> Dataset excerpt

* * * * * * *

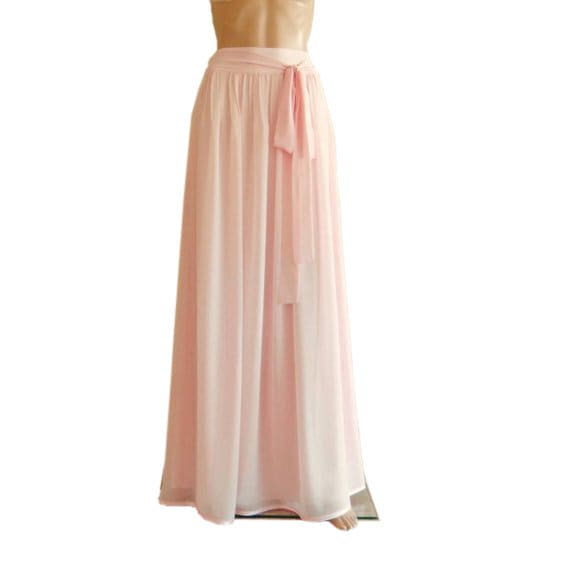 Blush Pink Bridesmaid Skirt. Blush Pink Maxi Skirt. Long | Etsy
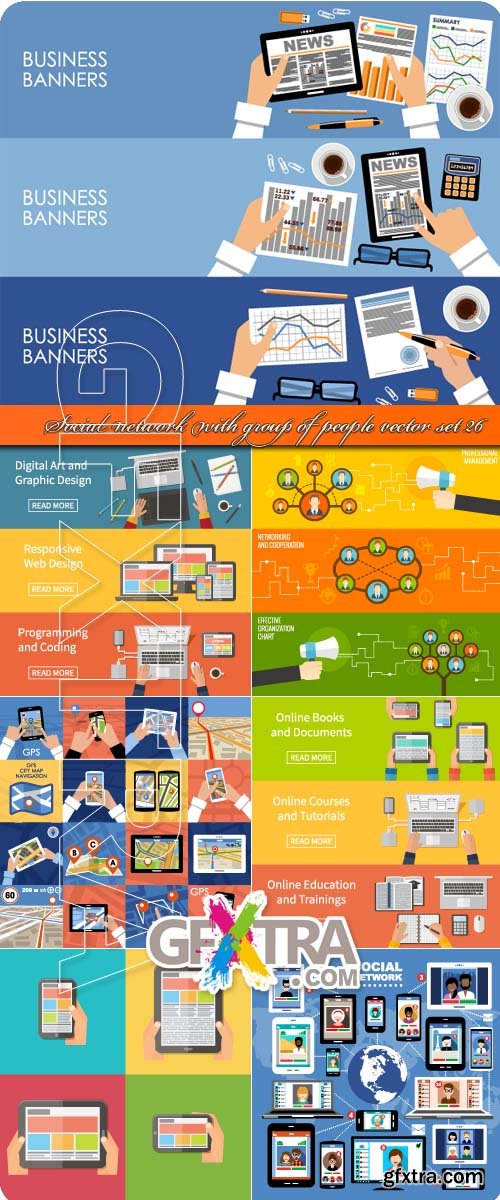 Stock Vector - Social network with group of people vector set 26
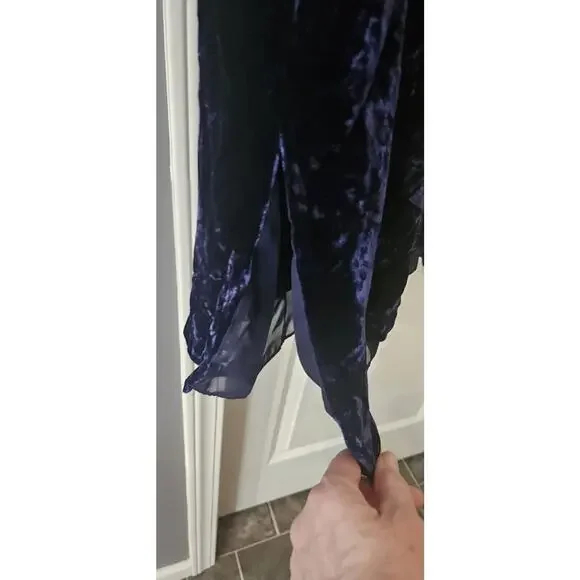 Madewell Navy Blue Crushed Velvet Slip Dress Criss Cross Back Midi Size M - Picture 7 of 9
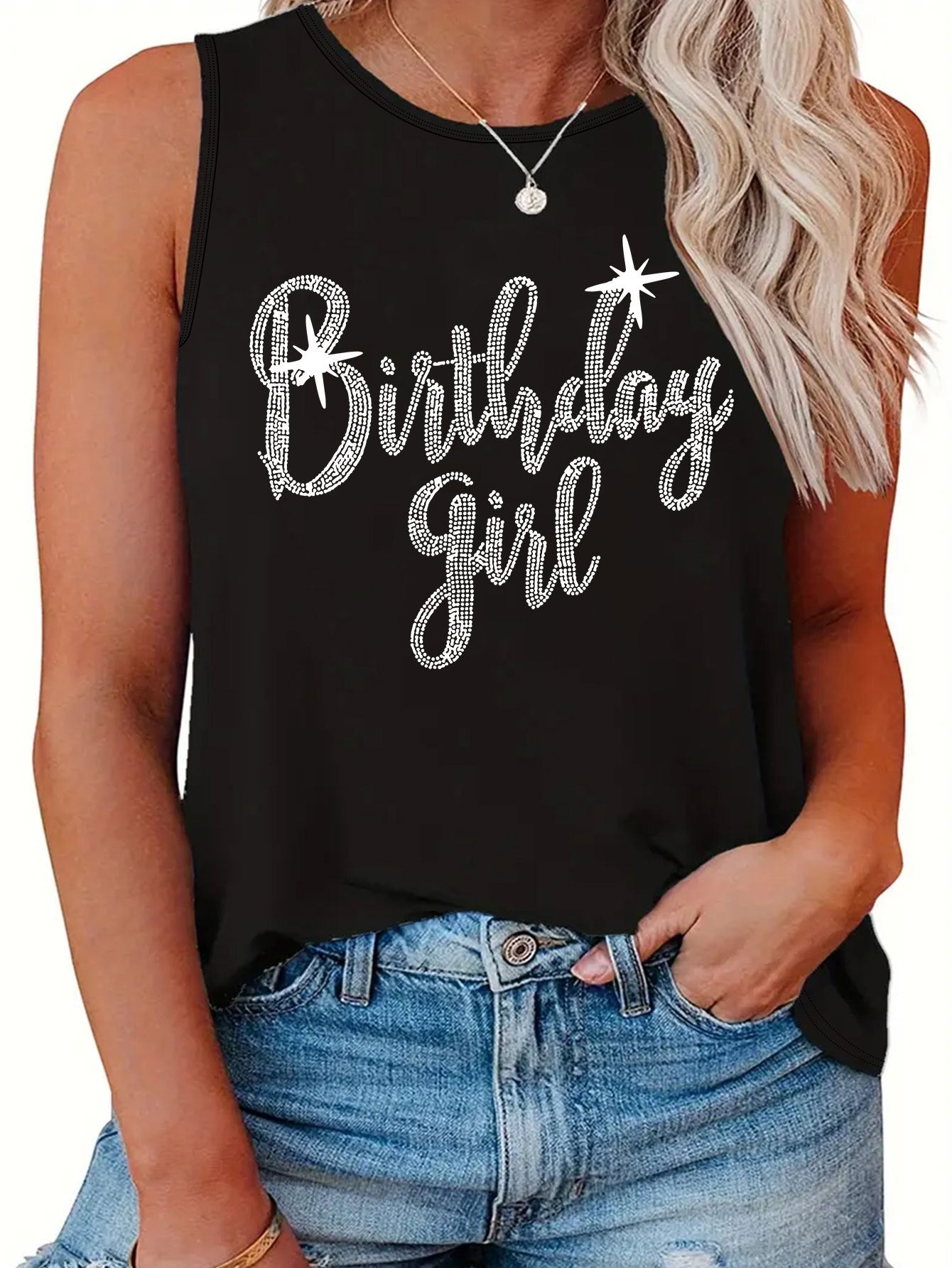 Plus Size Birthday Print Tank Top, Casual Crew Neck Sleeveless Tank Top For Summer, Women's Plus Size Clothing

* * * * * * *

> What you have to do
Could you set down the material above word for word while dropping its pictures?

> Response below
 Blush Pink Bridesmaid Skirt. Blush Pink Maxi Skirt. Long | Etsy
 Stock Vector - Social network with group of people vector set 26
 Madewell Navy Blue Crushed Velvet Slip Dress Criss Cross Back Midi Size M - Picture 7 of 9
 Plus Size Birthday Print Tank Top, Casual Crew Neck Sleeveless Tank Top For Summer, Women's Plus Size Clothing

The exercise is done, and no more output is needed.